Breaking bread and sharing space with people we may not have otherwise because Jesus is alive among us.

Sometimes the difference is not so obvious, and so we need constant reminders. As we leave this study, let us remind one another. I’d like to do this in two ways.

First, in the comments, share with us what you will walk away with from this study.

Were there any surprises for you? Any resurrections you were unfamiliar with?

Where have you seen resurrection in your own life in the last weeks, and over the course of your walk with God?

What one lesson, one truth, one piece of hope over everything else and all my zillion words will stick with you?

Next, I want to share one last passage of resurrection with you. One not-so-final glimpse of our Resurrected Savior in Revelation 1:4-7 –

John to the seven churches that are in Asia:

Grace to you and peace from him who is and who was and who is to come, and from the seven spirits who are before his throne, and from Jesus Christ the faithful witness, the firstborn of the dead, and the ruler of kings on earth.
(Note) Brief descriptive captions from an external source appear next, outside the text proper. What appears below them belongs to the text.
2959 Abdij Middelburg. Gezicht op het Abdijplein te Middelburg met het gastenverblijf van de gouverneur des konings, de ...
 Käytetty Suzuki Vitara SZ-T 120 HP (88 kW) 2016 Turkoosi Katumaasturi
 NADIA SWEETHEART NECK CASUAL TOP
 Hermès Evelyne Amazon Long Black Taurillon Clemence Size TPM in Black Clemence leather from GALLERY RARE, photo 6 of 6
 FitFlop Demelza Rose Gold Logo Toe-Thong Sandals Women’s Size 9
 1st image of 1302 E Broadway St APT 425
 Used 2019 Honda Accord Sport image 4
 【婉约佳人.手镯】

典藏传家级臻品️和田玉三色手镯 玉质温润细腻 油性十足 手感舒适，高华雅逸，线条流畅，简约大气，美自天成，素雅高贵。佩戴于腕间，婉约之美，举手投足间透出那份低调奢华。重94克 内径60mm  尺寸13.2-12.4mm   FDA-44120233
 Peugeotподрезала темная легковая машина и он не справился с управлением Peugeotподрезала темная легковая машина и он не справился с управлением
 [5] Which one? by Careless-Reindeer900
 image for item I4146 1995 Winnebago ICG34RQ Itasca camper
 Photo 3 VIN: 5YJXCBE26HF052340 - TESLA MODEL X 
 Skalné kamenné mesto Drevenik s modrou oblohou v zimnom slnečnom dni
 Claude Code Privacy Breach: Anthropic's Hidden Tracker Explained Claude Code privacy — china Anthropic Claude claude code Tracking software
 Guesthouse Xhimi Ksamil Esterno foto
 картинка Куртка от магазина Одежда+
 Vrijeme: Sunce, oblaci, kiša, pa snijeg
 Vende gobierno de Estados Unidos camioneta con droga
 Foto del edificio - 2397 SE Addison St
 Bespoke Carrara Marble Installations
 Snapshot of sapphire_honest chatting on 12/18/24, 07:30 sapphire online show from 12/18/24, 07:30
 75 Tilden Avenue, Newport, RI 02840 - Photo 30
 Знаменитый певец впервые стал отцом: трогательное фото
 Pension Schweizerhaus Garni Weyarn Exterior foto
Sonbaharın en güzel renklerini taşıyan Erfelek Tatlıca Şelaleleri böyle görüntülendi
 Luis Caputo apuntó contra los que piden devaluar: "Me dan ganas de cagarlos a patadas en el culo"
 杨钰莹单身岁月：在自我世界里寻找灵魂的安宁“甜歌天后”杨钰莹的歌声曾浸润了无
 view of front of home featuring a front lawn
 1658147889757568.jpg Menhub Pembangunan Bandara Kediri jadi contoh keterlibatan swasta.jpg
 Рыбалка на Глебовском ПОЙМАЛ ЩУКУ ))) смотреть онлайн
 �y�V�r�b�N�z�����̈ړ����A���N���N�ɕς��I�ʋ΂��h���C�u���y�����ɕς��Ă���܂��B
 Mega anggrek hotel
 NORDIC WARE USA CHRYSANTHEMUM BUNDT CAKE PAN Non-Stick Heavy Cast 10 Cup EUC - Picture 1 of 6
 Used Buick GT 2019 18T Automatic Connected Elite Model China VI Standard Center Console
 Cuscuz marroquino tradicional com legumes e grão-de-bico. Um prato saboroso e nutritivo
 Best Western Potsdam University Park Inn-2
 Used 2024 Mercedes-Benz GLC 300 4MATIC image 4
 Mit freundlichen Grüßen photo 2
To him who loves us and has freed us from our sins by his blood and made us a kingdom, priests to his God and Father, to him be glory and dominion forever and ever. Amen. Behold, he is coming with the clouds, and every eye will see him, even those who pierced him, and all tribes of the earth will wail on account of him. Even so. Amen.

Jesus is the firstborn from the dead, the Resurrected One, Savior, Restorer.

He’s also our Faithful Witness, the Faithful Witness. He witnesses to us what He’s done and Who He is in His Word. When we hear it, we are renewed because in that place our story connects with His Story, giving our story meaning, and firm footing. This place of hope and life, that’s His story working out in our story. What was John’s response to Jesus’ witness? He wrote His story down. He shared his story with Christ as the centerpiece.

So let us keep sharing the resurrection, connecting to the resurrection, and in and with that…sharing our stories alongside His story.

To make this a little more concrete for you, a little easier to share also, I created a resurrection Scripture writing plan. You can download the thirty-day plan from the link below and print it or screen shot it to use to keep His story close to you, to cement it in your heart by simply reading or reading and writing the passage, or by giving to a friend, sharing at Sunday School, or creating a challenge in your group.

Write His Story: Resurrection Reading and Writing Plan

As you read or write the story of resurrection within the Scriptures, simply ask yourselves these questions:

How can we begin to tell our story, really tell it, to God?

How can we make our homes open places to tell our stories?

How can we make our churches open places to tell our stories?

Keep it simple and just ask the questions before God, around His Word, and let Him answer. He will tell His story in you, in your home, and in your community…and what a story it is! Salvation, grace, restoration, heartache, waiting, failure, fear, death, life, darkness, light, glory, healing, and so much more yet to be told.

Savior – You have written Your story. Continue to write Your story in each of our lives. We tear down all that is not in You, all that doesn’t point to You. We lay all those things before You…Resurrect it, Lord. Resurrect.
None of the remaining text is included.